Timestamps are incredibly useful in scripts for naming log files and backups:

TIMESTAMP=$(date +%Y%m%d_%H%M%S)
backup_file="backup_${TIMESTAMP}.tar.gz"

Every backup file gets a unique name automatically. Simple and effective.

wc: Counting Things

wc -l file.txt     # Count lines
wc -w file.txt     # Count words
wc -c file.txt     # Count bytes
wc -m file.txt     # Count characters

# Practical: count lines in script output
ls | wc -l         # How many files are here?
cat /etc/passwd | wc -l   # How many user accounts?

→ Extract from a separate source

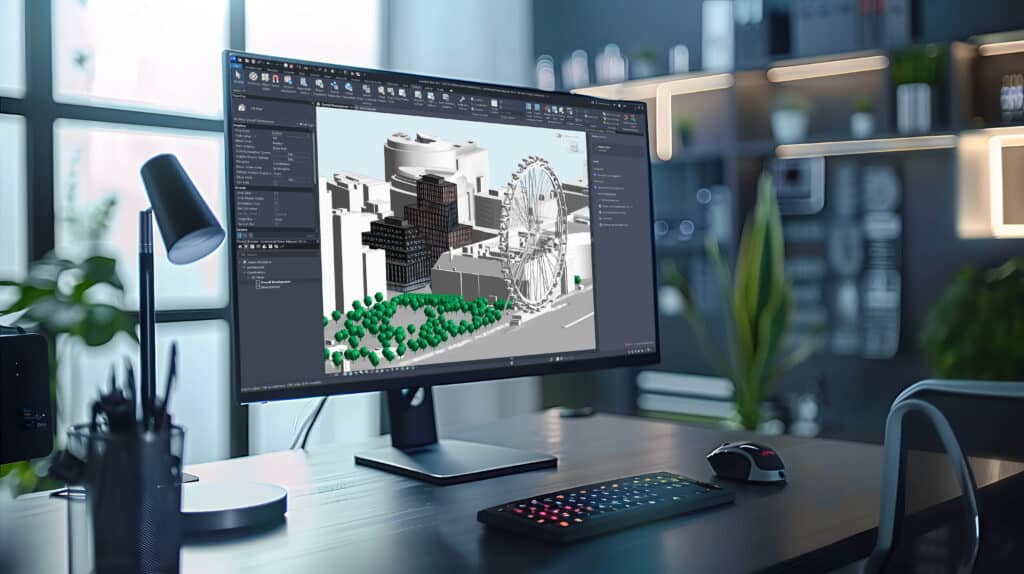 A computer screen showing a snapshot of Autodesk Revit. Showing a building with floorplans.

curl and jq: HTTP and JSON on the Command Line

curl is the command-line HTTP client, and jq is the command-line JSON processor. Together, they let you interact with APIs directly from your scripts:

# Basic HTTP GET
curl https://api.example.com/data

# POST with JSON body
curl -X POST \
     -H "Content-Type: application/json" \
     -d '{"key": "value"}' \
     https://api.example.com/endpoint

# Follow redirects, save to file
curl -L -o output.html https://example.com

# Download with progress bar
curl -# -O https://example.com/largefile.zip

# With authentication
curl -u username:password https://api.example.com/protected

# Check if URL is reachable (silent, just exit code)
curl -s -f https://api.example.com/health > /dev/null

jq for processing JSON:

# Pretty-print JSON
curl https://api.example.com/data | jq '.'

# Extract a field
curl https://api.example.com/user/1 | jq '.name'

# Filter an array
curl https://api.example.com/users | jq '.[] | select(.active == true) | .email'

# Create a new JSON object
jq -n '{name: "Alice", age: 30}'

# Use in a script
name=$(curl -s https://api.example.com/user/1 | jq -r '.name')
echo "User: $name"

The -r flag in jq outputs "raw" strings without JSON quotes — essential when you're using jq output in shell variables. Without it, your variable ends up with literal quote characters in it, which causes all kinds of subtle breakage downstream.